-------- Data excerpt

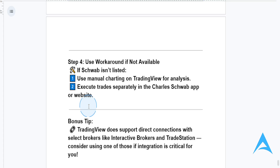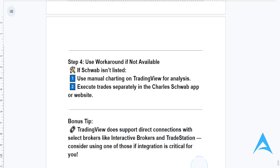And as a bonus tip, TradingView does support direct connections with select brokers like Interactive Brokers and TradeStation. So you can consider using one of those if integration is actually critical for you.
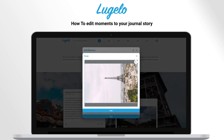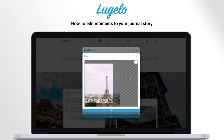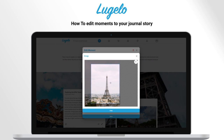I am adding a photo to my moment. Rotate or crop to adjust the image. Click crop.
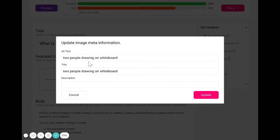One, describe the image as specifically as possible. Two, keep it relatively short, ideally under 125 characters.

----------------

What to do: Only one thing is wanted here, an exact copy of the lines from the first line above through the line containing "I am adding", minus any picture.

Answer section:
And as a bonus tip, TradingView does support direct connections with select brokers like Interactive Brokers and TradeStation. So you can consider using one of those if integration is actually critical for you.
I am adding a photo to my moment. Rotate or crop to adjust the image. Click crop.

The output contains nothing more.